Christa J. Olson

Position title: Department Chair; Marjorie and Lorin Tiefenthaler Professor of English

Pronouns: she/her

Email: christa.olson@wisc.edu

Address:
7187b Helen C White

Research Interests
Rhetorical history, theory, and criticism; visual culture; Latin America; public memory; historical methods and methodological pedagogy; publics, democracy, nationalisms, & transnationalism; coloniality and anti-colonialism
Teaching Areas
I teach graduate and undergraduate courses in visual culture, research methods, and the history & theory of rhetoric. I enjoy working with students as they encounter, provide context for, and analyze persuasive artifacts of all types (images, speeches, texts, performances, etc.)

Degrees and Institutions

Ph.D. English & Writing Studies, University of Illinois at Urbana Champaign, 2010

M.A. Performance Studies, New York University, 2001

B.A. Arts & Social Justice, The Paracollege, St. Olaf College, 2000

Selected Publications

Books

Recent Articles

  • “Rhetoric in Latin America: Seven Starting Places” The Cambridge History of Rhetoric, Volume V: Modern Rhetoric 1900-. Eds. Daniel M. Gross, Steven J. Mailloux, LuMing Mao. Forthcoming.
  • “Burning our Fingers: An Intersectional Grapple with the Steel Cage of Racism,” College Composition & Communication.
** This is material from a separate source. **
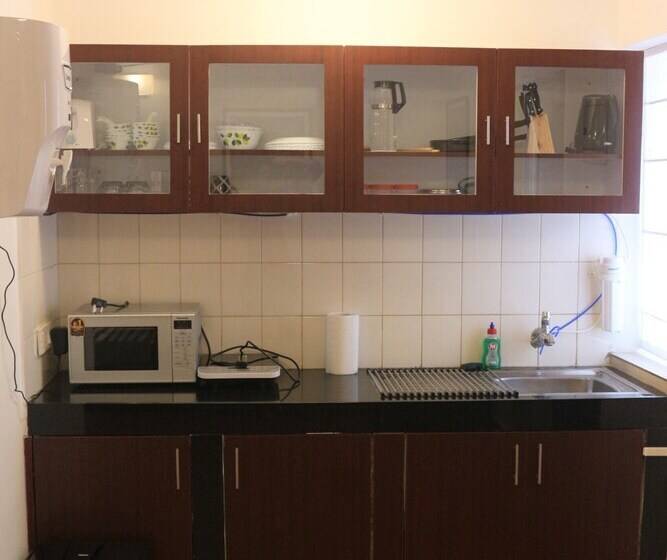 Jungle Hut Annabelle S Beach Apartments At Bernard Simao,calangute,goa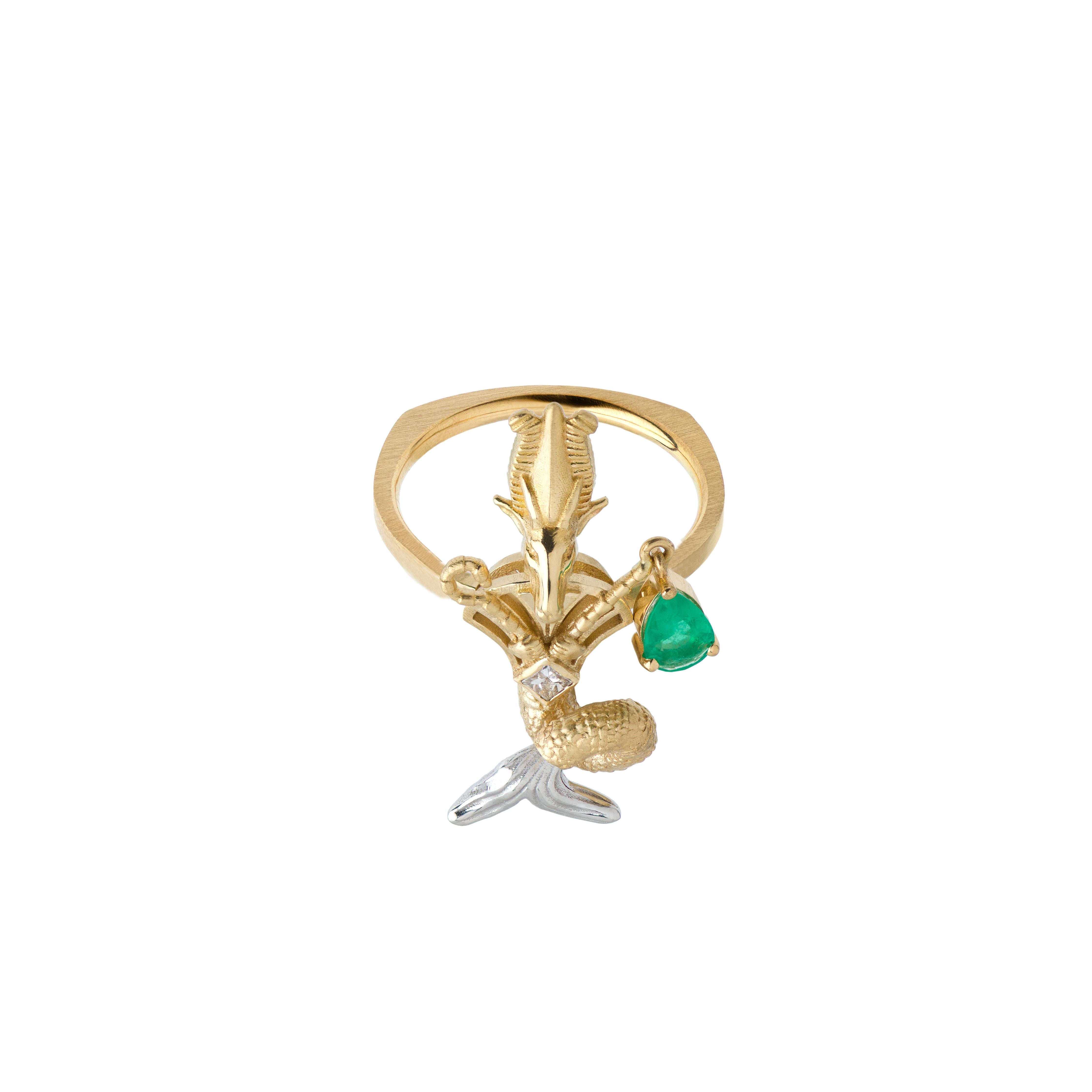 Artisan Bague capricorne en émeraude et diamant Mozafarian en vente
Second author, with Christopher Castillo. September 2024. Honorable Mention for the 2025 CCCC Braddock Award
  • “‘Nuestras Reliquías Históricas’ and the Rhetorical Work of Objects at Machu Picchu.” Rhetoric, Politics, & Culture 1.2 (2021)

Recent Books

  • Olson, Christa J. American Magnitude: Hemispheric Vision and Public Feeling in the United States. The Ohio State University Press , 2021. Print.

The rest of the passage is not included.